In her later stories, Leela is shown to have keen animal-like senses. Just like Xoanon had cultivated the telepathic powers of the Tesh, it is possibly he changed the Sevateem's senses so that they could survive in their jungle home. And while it is a bit of a stretch to believe that they had superpowers, it is not too hard to think that Xoanon might have been able to make major changes to the human body, given he has had centuries to do it. Just look at our world, if a wolf could turn into him a poodle or Chihuahua, then anything is possible!
And if the Sevateem are well developed, the same can't really be said for their enemies. The Tesh arrive late in the story and don't get a lot of screen time. The only characteristics they have are that they are unemotional fascists but the story suffers because it is a little hard to see how they could possibly have anything in common with their Sevateem cousins when it comes to creating a new world together.

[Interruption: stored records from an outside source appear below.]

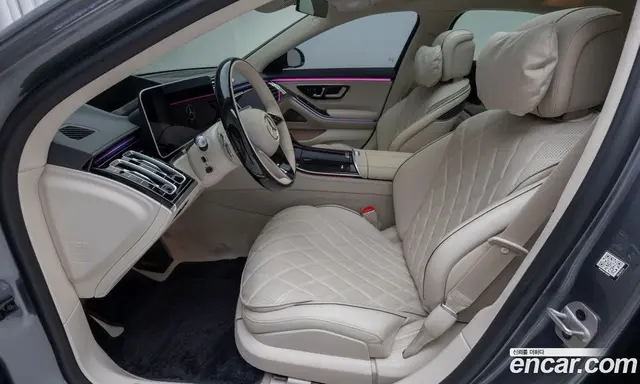 Mercedes-Benz S-Class 2025 4.0 автомат (гидро), миниатюра 10 Mercedes-Benz S-Class 2025 4.0 автомат (гидро), миниатюра 10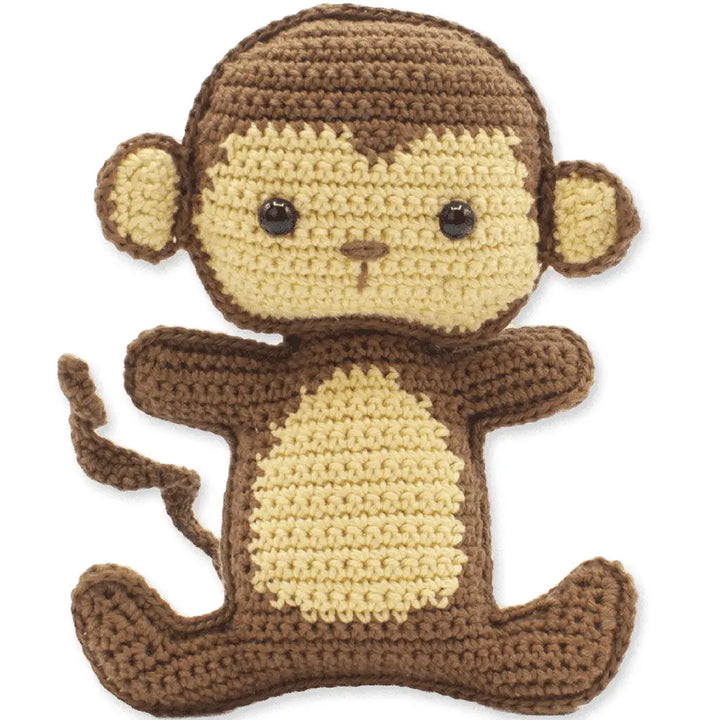 Hardicraft Morris Monkey - Hæklekit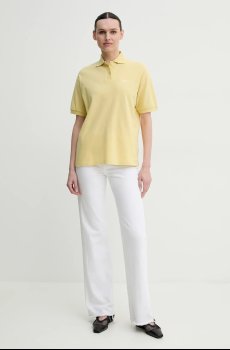 Хлопковое поло 2NDDAY Aralena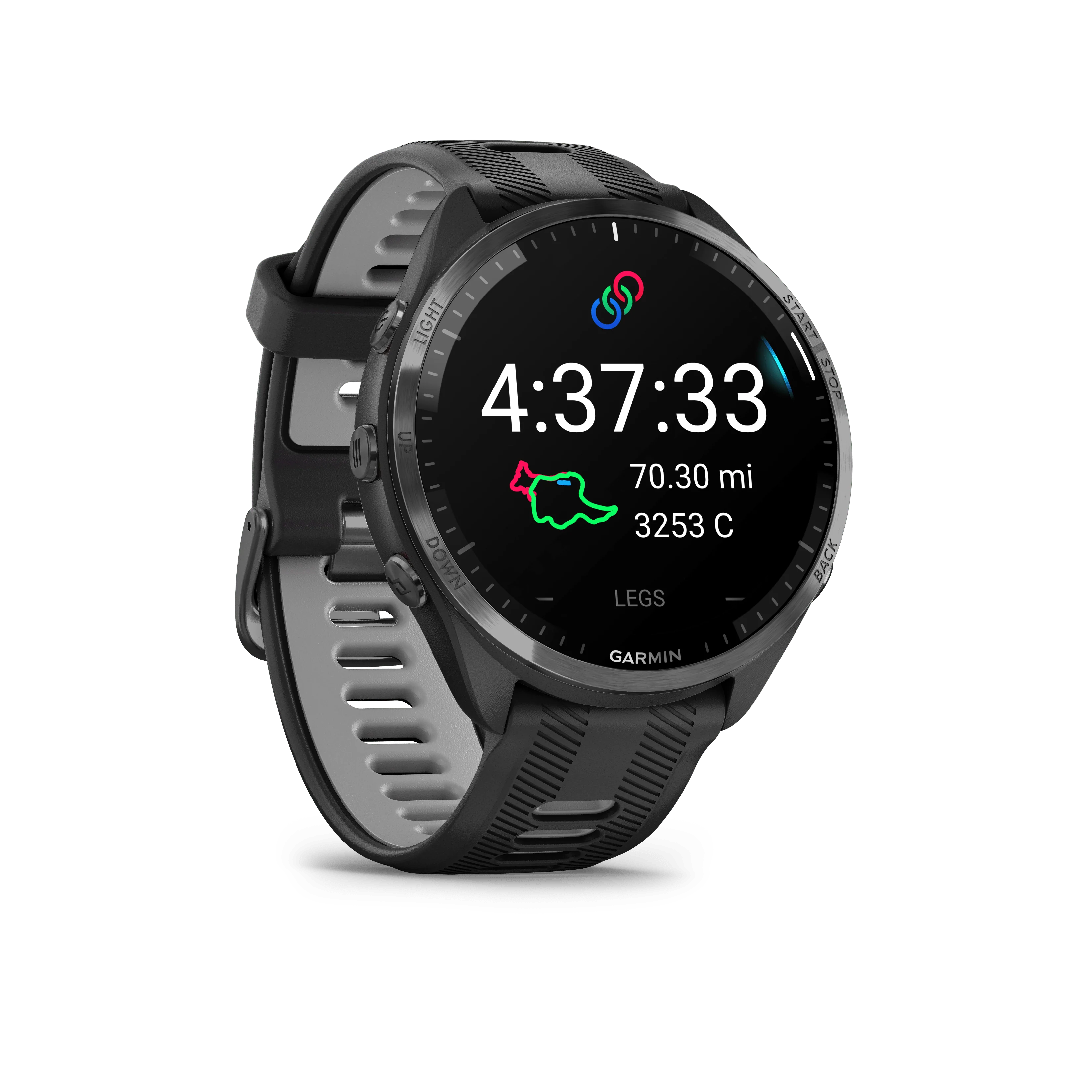 Garmin Sportuhr Forerunner 965 - Image 8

That could have always been the point as the ending does reflect Robert Holme's beliefs about human nature. Despite the Tesh and Sevateem agreeing to merge, the story ends with the two tribes squabbling between themselves with no clear indication that there will be hope for the future. And then the Doctor rolls his eyes and declares things are no longer his problem and that it is now okay for him to walk away. Even though he has fixed the Xoanon problem, there is still a mess he has left behind. And this does raise one more unsettling possibility, what other mistakes has he made on other planets? And how much damage has he done?